Put simply, the formal definition of "success" in most machine learning tasks can be formally expressed as minimizing the expected value (i.e., the average) of a random loss computed using some kind of loss function. Here the randomness is typically assumed to be over the random draw of a new data point at test time (i.e., after "training" is complete). This approach is perfectly natural, but in designing and evaluating learning systems (e.g., human workflows supported by machine learning software, automated systems running such software), the emphasis on the average leaves out other important properties of the random loss distribution (e.g., dispersion, heaviness of tails, symmetry, etc.). In the title of my project, I use the term "diverse risk measures" to emphasize that I want to develop new algorithms, theory, and methodologies for machine learning tasks characterized by the optimization of a wider variety of properties of the test loss distribution, including but not limited to the expected loss.
Some background reading
In the following paper, I discuss some of the key ideas underlying this project with a bit more formal notation, and also complement this with a brief historical review of statistical learning and the role played by the expected loss.
A Survey of Learning Criteria Going Beyond the Usual Risk
Matthew J. Holland and Kazuki Tanabe
Journal: Journal of Artificial Intelligence Research, 78:781-821, 2023.
Oral: AAAI 2024 (Journal track), Vancouver, Canada.
[journal, doi, arXiv]
Several works done by myself and colleagues can be considered precursors to the current PRESTO project.
Learning with risks based on M-location
Matthew J. Holland
Journal: Machine Learning, 111:4679-4718, 2022.
Oral: ECML-PKDD 2022, Grenoble, France.
[journal, doi, arXiv, code]Spectral risk-based learning using unbounded losses
Matthew J. Holland and El Mehdi Haress
Presented at AISTATS 2022, online.
Proceedings of Machine Learning Research 151:1871-1886, 2022.
[proceedings, arXiv, code]Making learning more transparent using conformalized performance prediction
Matthew J. Holland
Presented at ICML 2021, Workshop on Distribution-Free Uncertainty Quantification.

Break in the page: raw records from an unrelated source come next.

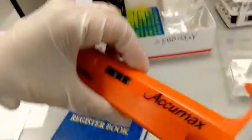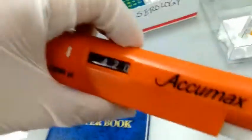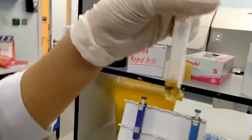400 UL of the samples. 400. Of the sample. So this is what we are talking about.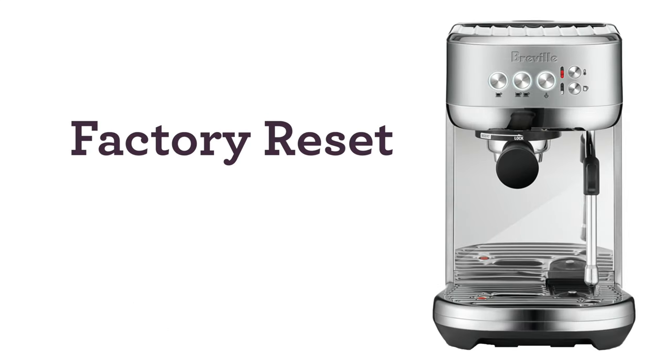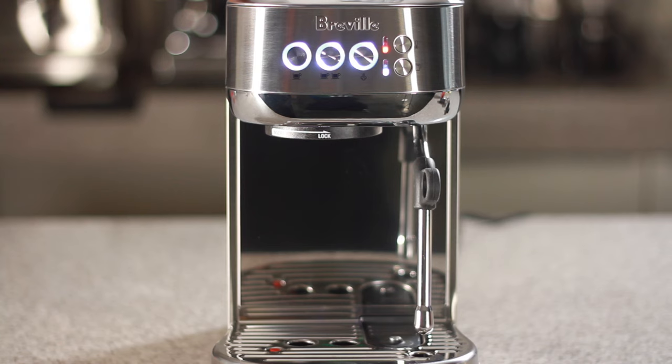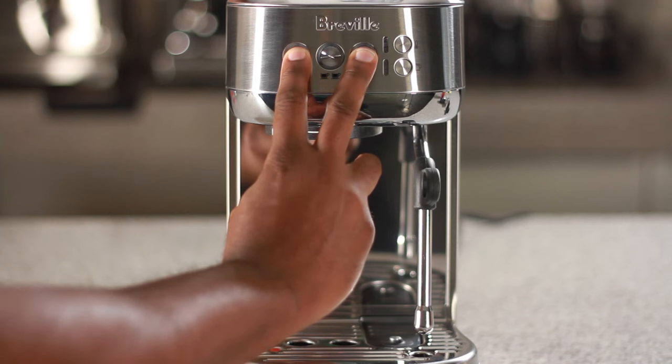In this video we'll show you how to do a factory reset for your Bambino. If your unit is not off, let's do so by first pressing and holding the one cup and steam buttons at the same time.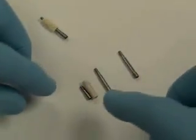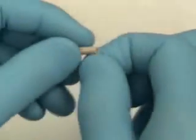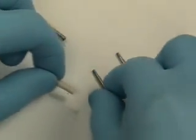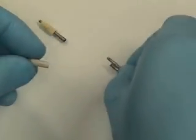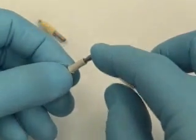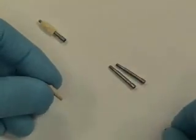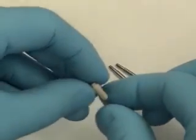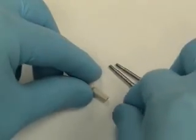The nice thing about this particular system — the Implant Direct system — is it comes with a short screw. Then separately you buy the long screws that you can reuse to index your abutment with your provisional, and then you don't have to cut it. You just use the small screw, which is really convenient, especially in this case where we made our provisional ahead of time.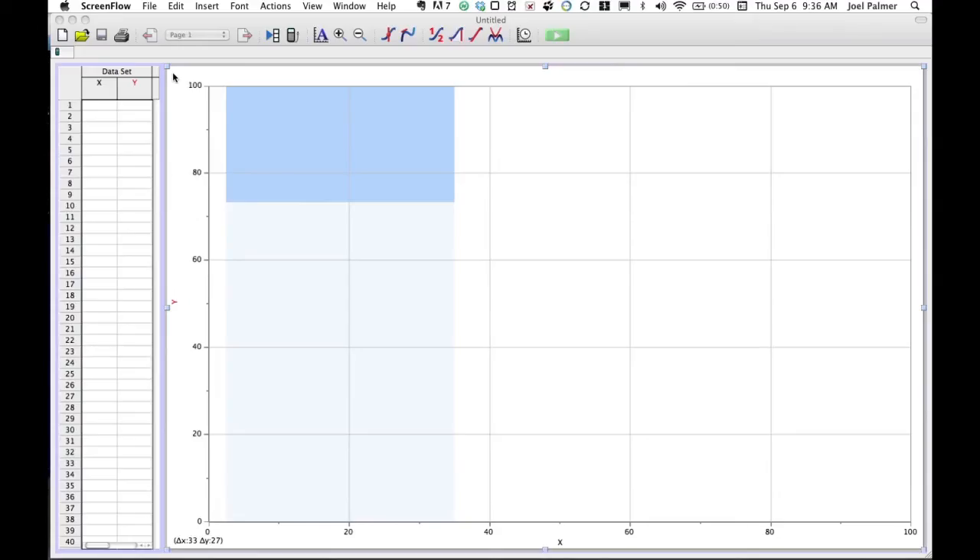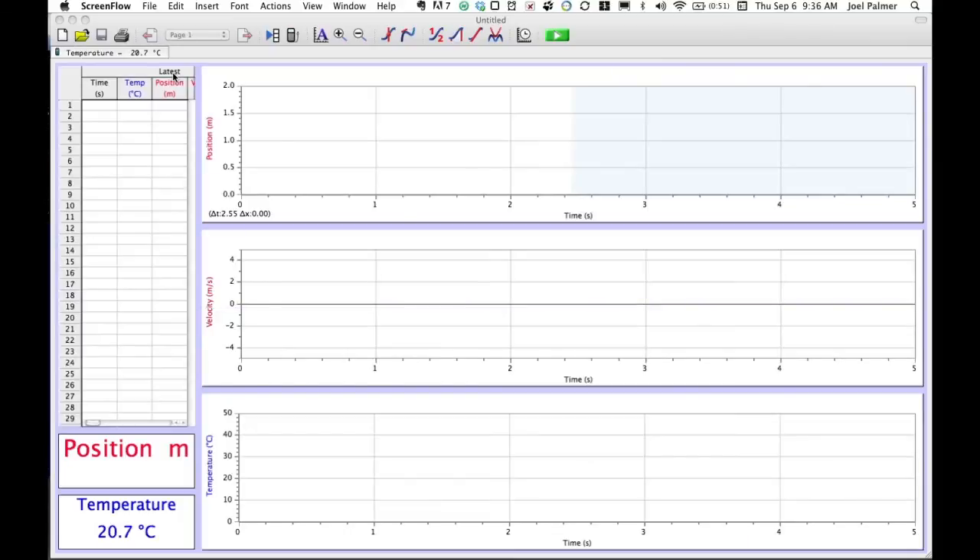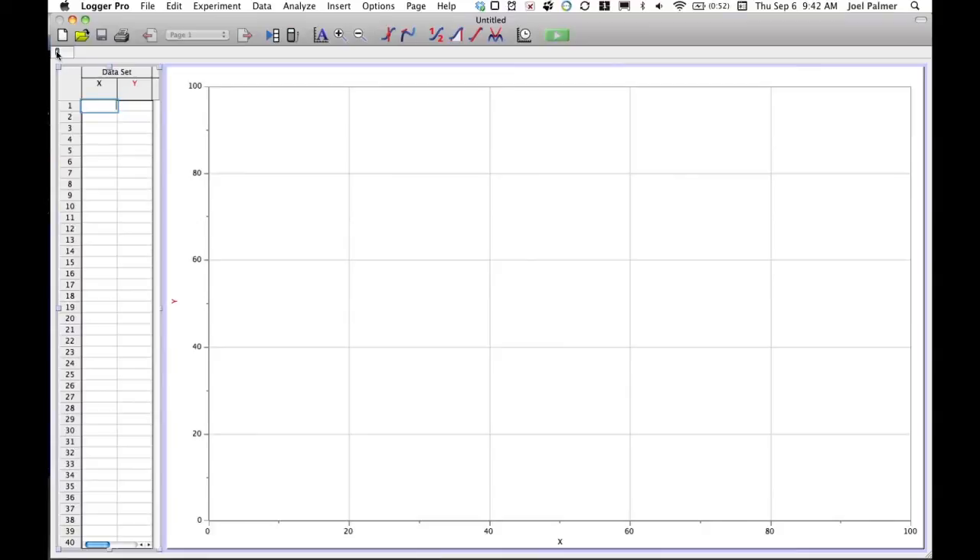Once you're running Logger Pro and you plug in any probeware, Logger Pro will recognize what probes you have and immediately change your screen, creating graphs to collect the data that probe will produce. If you plug in additional probes, the screen changes again and you can now collect data on two different probes at the same time. The Logger Pro software detects any probes you install and immediately changes the graphs to record data from that probe.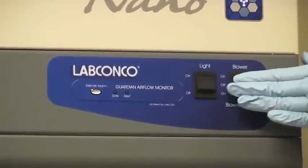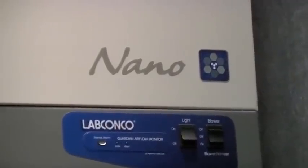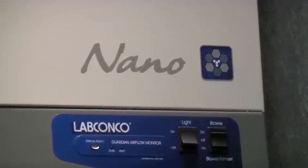Quiet operation as low as 48 to 53 decibels provides a quiet work environment. The built-in airflow monitor alerts the user to face velocities outside of the preset range.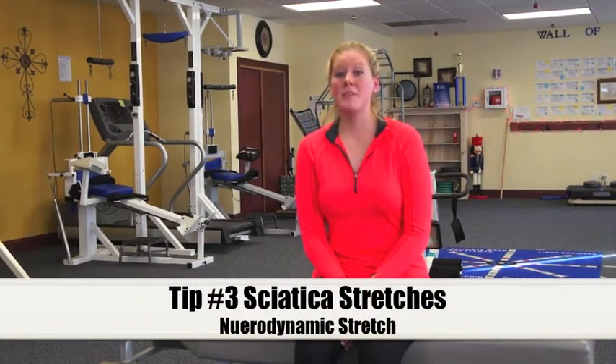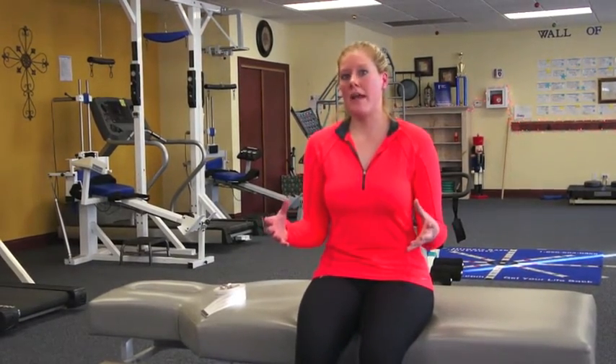Hi, my name is Dr. Amy and I'm here with the Illinois Back Institute to demonstrate tip number three for stretches for sciatica symptoms. The third tip is going to involve what's called the neurodynamic stretch. We're going to place a stretch not only on your hamstring and your calf muscle, but also a stretch on that sciatic nerve.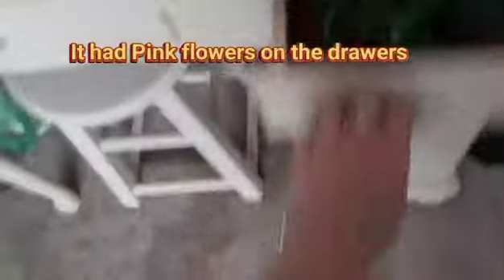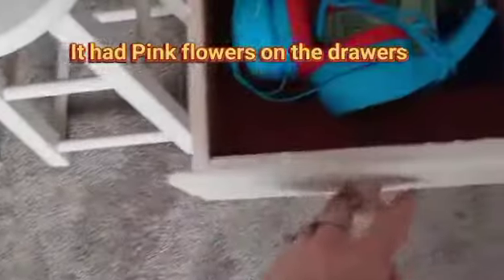He's got plenty of drawer space. It was pink on the inside but that's okay. I just wanted to share this and show you my son's room.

[arXiv]Learning with risk-averse feedback under potentially heavy tails
Matthew J. Holland and El Mehdi Haress
Presented at AISTATS 2021, online.
Proceedings of Machine Learning Research 130:892-900, 2021.
[proceedings, arXiv, code]Classification using margin pursuit
Matthew J. Holland
Presented at AISTATS 2019, Naha, Japan.
Proceedings of Machine Learning Research 89:712-720, 2019.
[proceedings, code]
With these works as technical and conceptual context, the following section summarizes key points regarding the progress made since starting this project.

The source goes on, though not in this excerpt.